Ik merk hoe plezierig het is om iets te ontwerpen. Om met mooie stoffen bezig te zijn. Ik besef opnieuw hoeveel Jan en ik hebben meegekregen van onze ouders om creatief bezig te zijn en wat een zegen dat altijd is geweest.
Ik breng daarom een ode aan mijn ouders en schoonouders!

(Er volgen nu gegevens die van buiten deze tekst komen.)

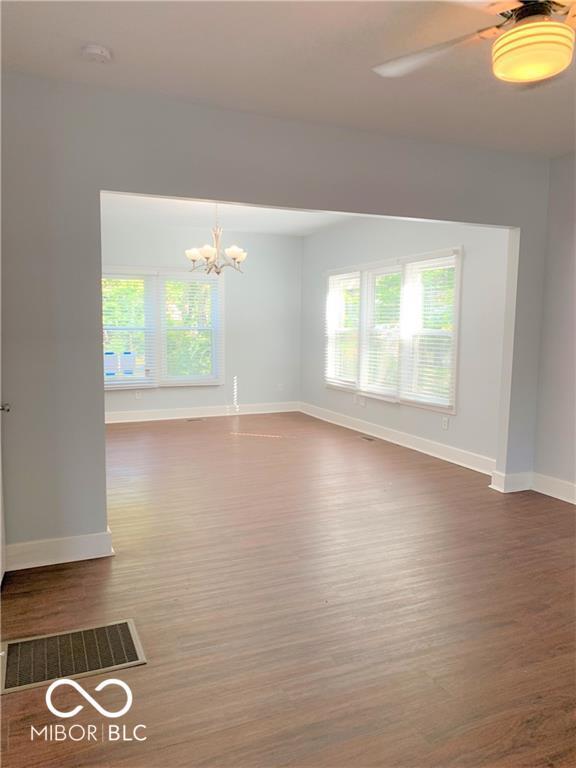 Foto del edificio - 3621 N Kenwood Ave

Ik denk terug aan een van de mooiste herinneringen van Jan:
Het is zijn eerste ervaring met de handigheid van zijn vader. Wanneer hij als kleine jongen op een ochtend uit zijn bed komt, staat het er opeens. Een heel dorp van huisjes, met een echt stationnetje en deurtjes die open en dicht kunnen. Zomaar als verrassing de avond daarvoor van kartonnen dozen gemaakt. Jan is sprakeloos. Vol bewondering voor zijn vader.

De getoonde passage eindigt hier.